_EXCERPTED RECORDS_:

::::

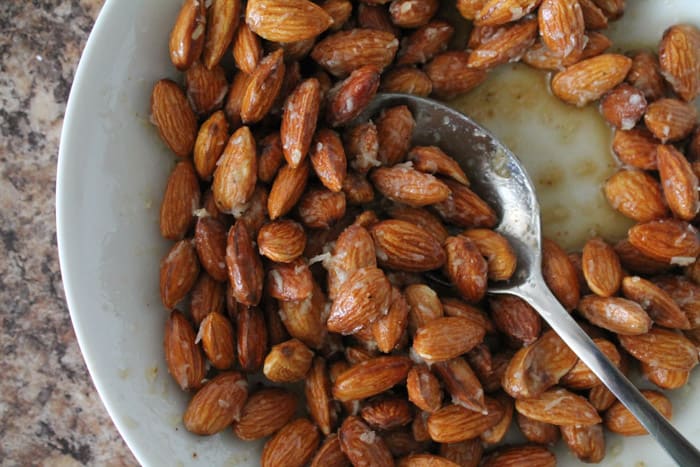 Almonds being stirred in a bowl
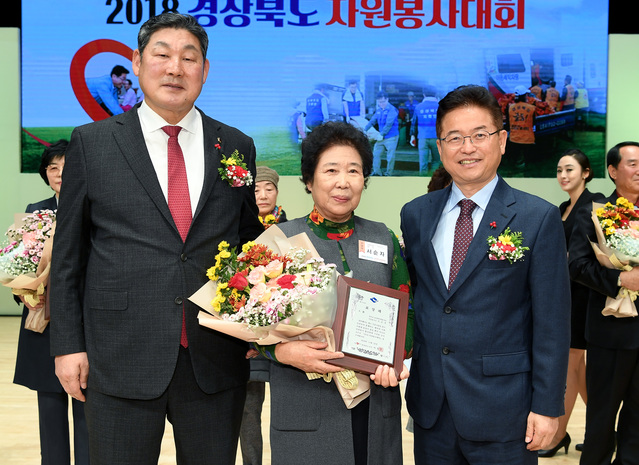 ▲ 경북도 ‘2018 자원봉사자대회’가 20일 도청 동락관에서 도내 1천여 명의 자원봉사자들이 모인 가운데 열렸다. 올해 대상의 영예를 안은 성주군 서순자(중간)씨가 이철우 지사(오른쪽)와 장경식 도의회 의장과 기념촬영을 하고 있다.ⓒ경북도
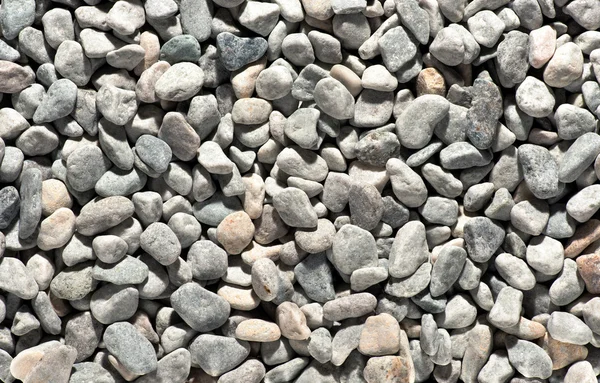 Background texture of waterworn stones — Stock Photo, Image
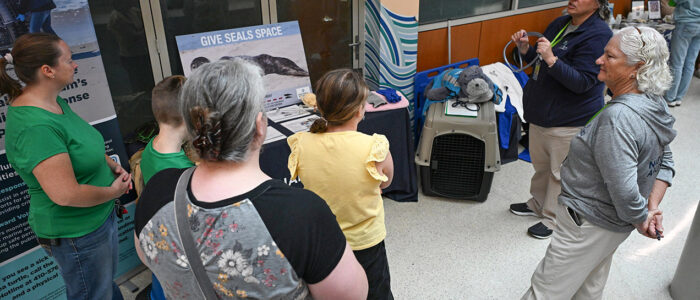 National Aquarium volunteer Tina Kahl, left, talks about what they do to rescue seals and about their new location in Ocean City during the 2025 UMES 4-H STEM Expo.
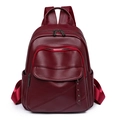 Burgundy faux leather backpack for women with litchi texture and rivet details - Burgundy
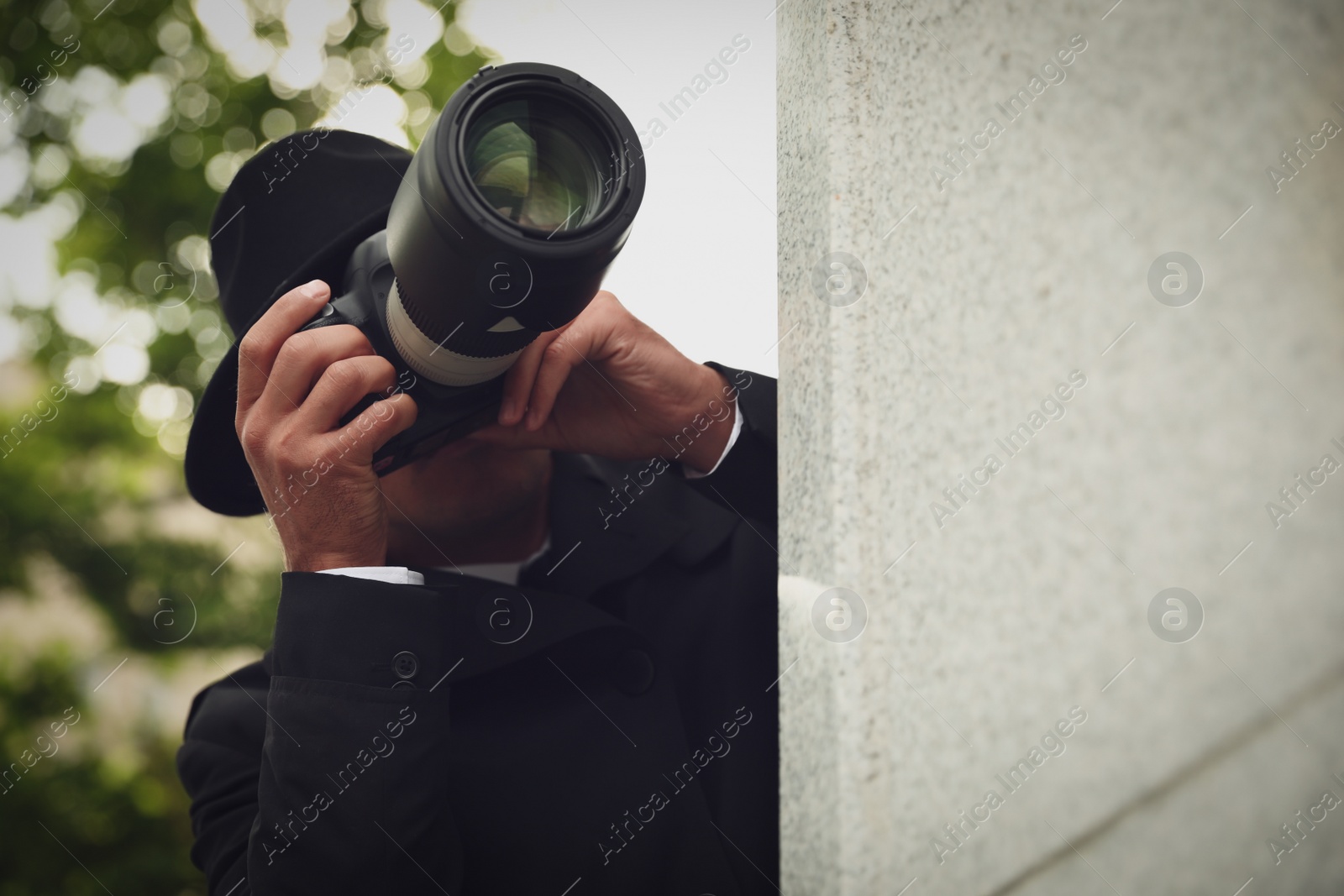 Photo of Private detective with modern camera spying on city street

::::

_WORK TO BE COMPLETED_:
Every line from the one containing "기념촬영을 하고 있다.ⓒ경북도" to the end of the material above is to be returned exactly, with the pictures left out.

_REPLY_:
 ▲ 경북도 ‘2018 자원봉사자대회’가 20일 도청 동락관에서 도내 1천여 명의 자원봉사자들이 모인 가운데 열렸다. 올해 대상의 영예를 안은 성주군 서순자(중간)씨가 이철우 지사(오른쪽)와 장경식 도의회 의장과 기념촬영을 하고 있다.ⓒ경북도
 Background texture of waterworn stones — Stock Photo, Image
 National Aquarium volunteer Tina Kahl, left, talks about what they do to rescue seals and about their new location in Ocean City during the 2025 UMES 4-H STEM Expo.
 Burgundy faux leather backpack for women with litchi texture and rivet details - Burgundy
 Photo of Private detective with modern camera spying on city street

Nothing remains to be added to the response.